Start of Block
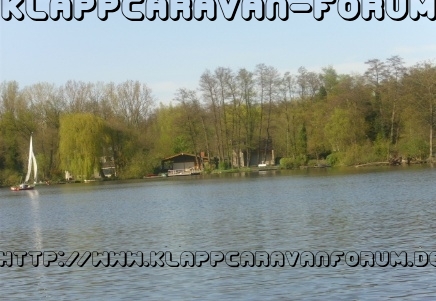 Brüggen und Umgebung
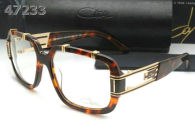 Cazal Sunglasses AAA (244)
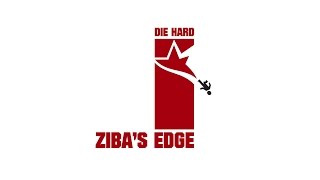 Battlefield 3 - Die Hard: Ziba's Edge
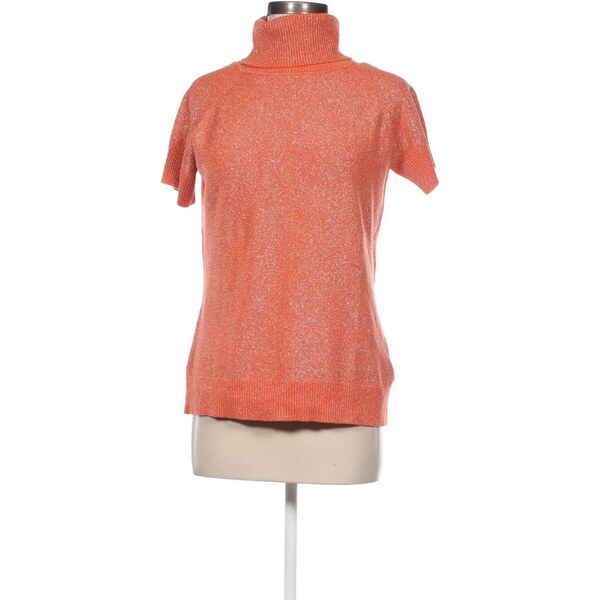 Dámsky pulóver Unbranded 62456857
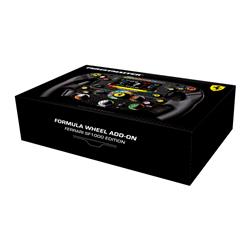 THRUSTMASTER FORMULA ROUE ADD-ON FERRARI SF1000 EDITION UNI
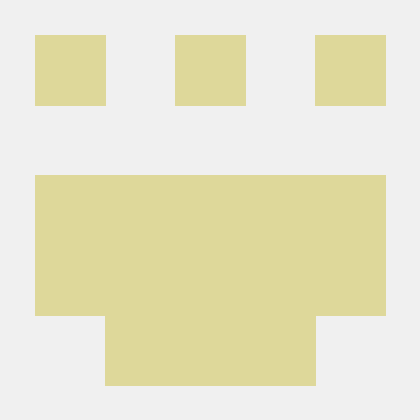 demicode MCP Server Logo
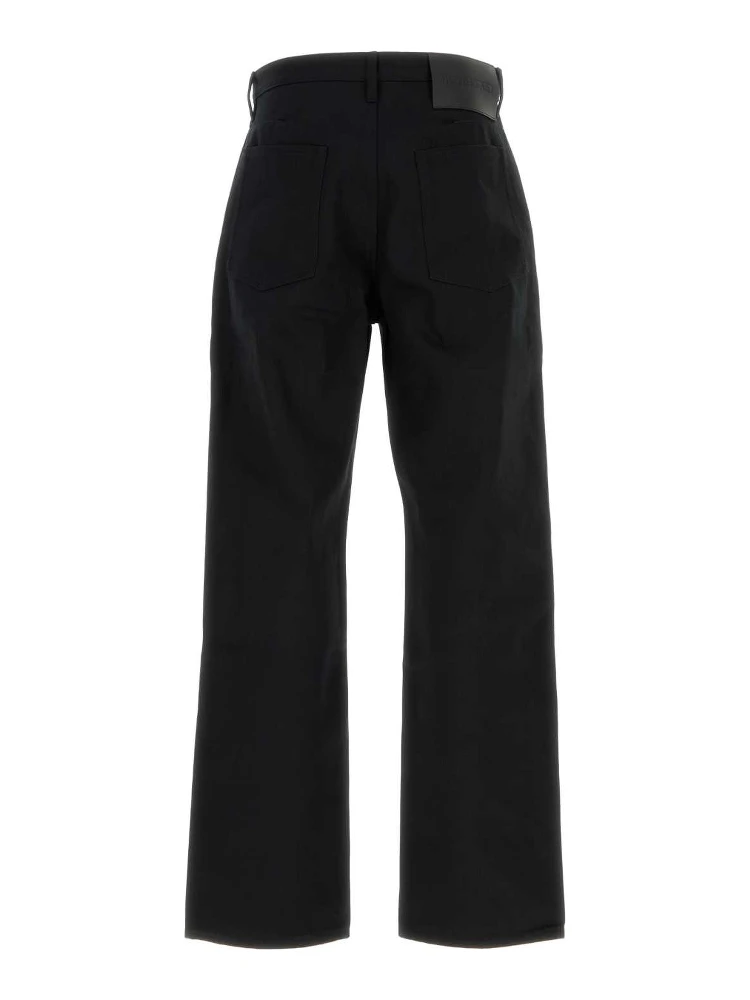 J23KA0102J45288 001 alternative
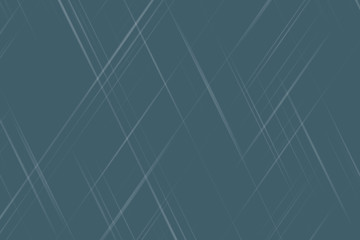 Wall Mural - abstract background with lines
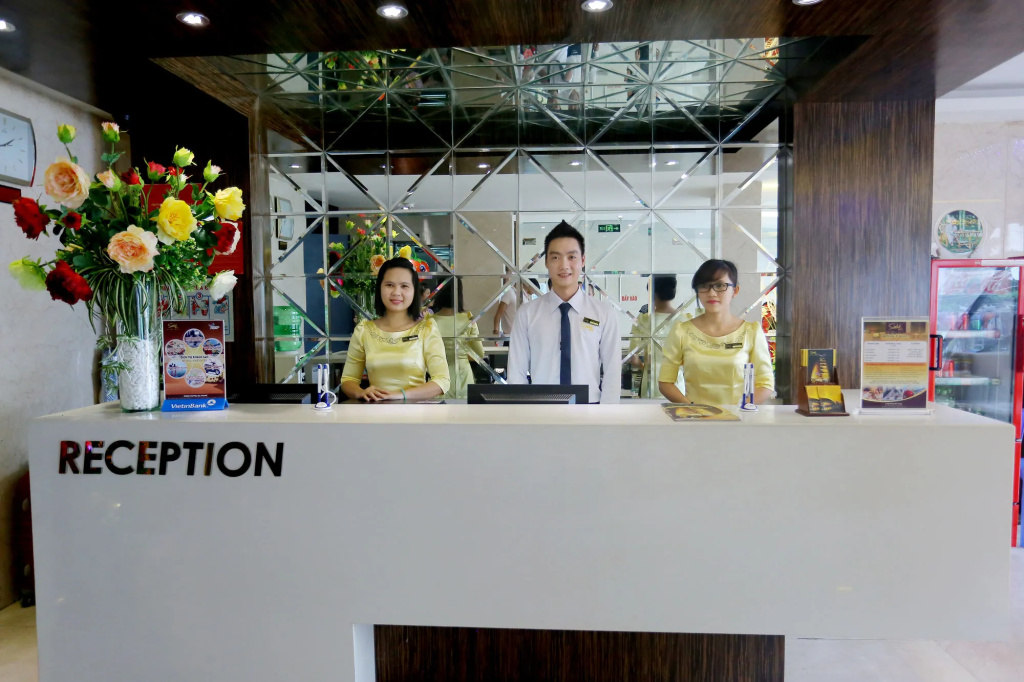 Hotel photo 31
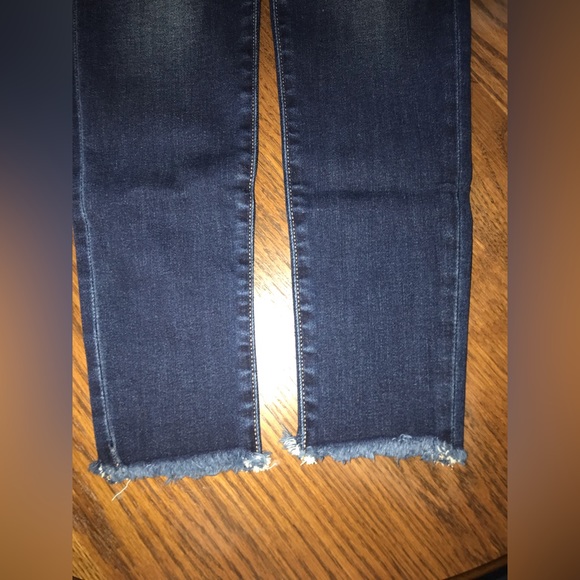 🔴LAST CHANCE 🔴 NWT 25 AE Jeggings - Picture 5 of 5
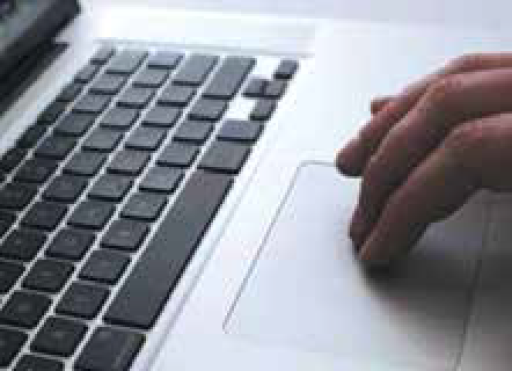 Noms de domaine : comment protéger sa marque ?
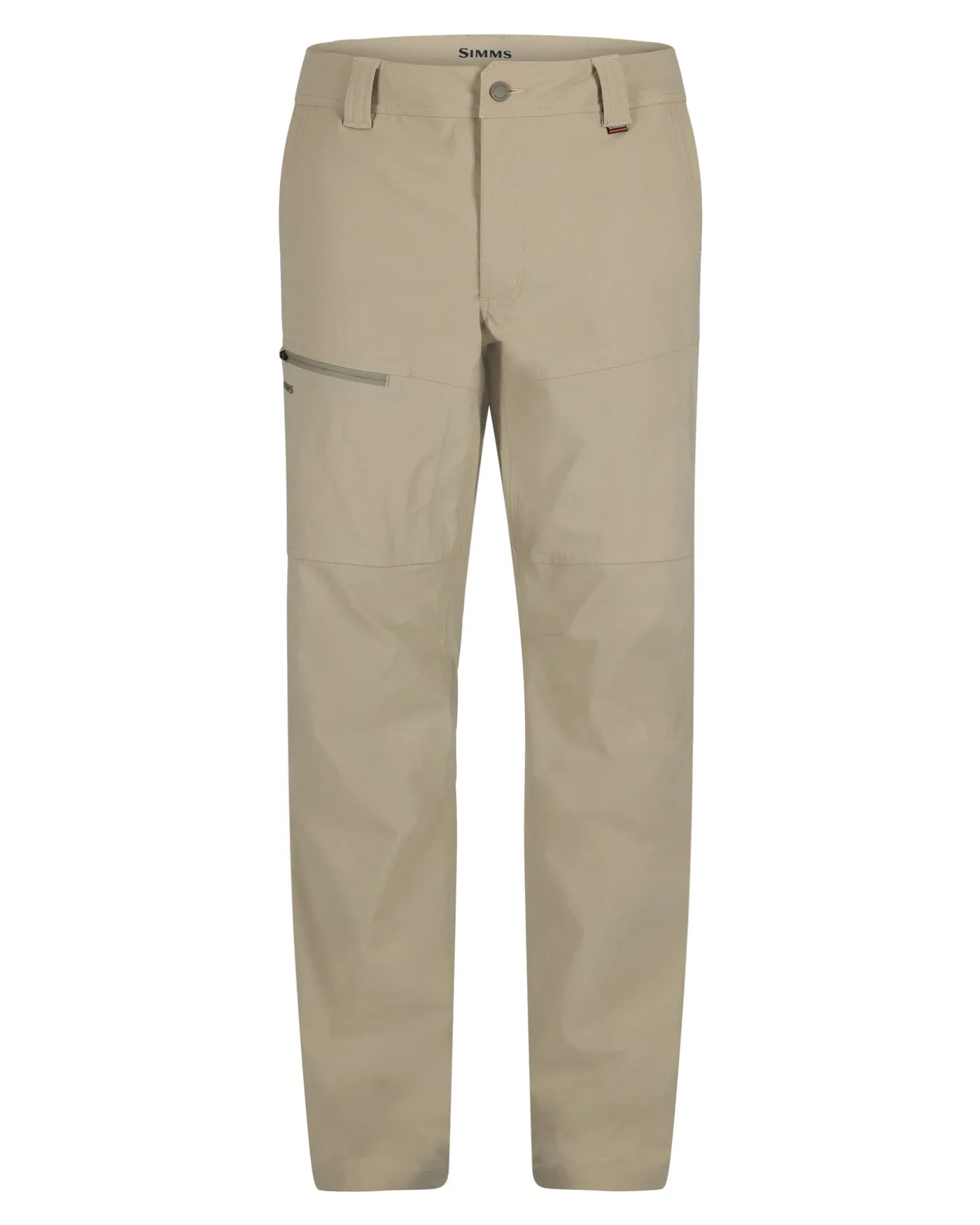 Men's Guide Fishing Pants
End of Block
Task directions » Excluding the pictures, restate the records above word for word.

Your solution »
 Brüggen und Umgebung
 Cazal Sunglasses AAA (244)
 Battlefield 3 - Die Hard: Ziba's Edge
 Dámsky pulóver Unbranded 62456857
 THRUSTMASTER FORMULA ROUE ADD-ON FERRARI SF1000 EDITION UNI
 demicode MCP Server Logo
 J23KA0102J45288 001 alternative
 Wall Mural - abstract background with lines
 Hotel photo 31
 🔴LAST CHANCE 🔴 NWT 25 AE Jeggings - Picture 5 of 5
 Noms de domaine : comment protéger sa marque ?
 Men's Guide Fishing Pants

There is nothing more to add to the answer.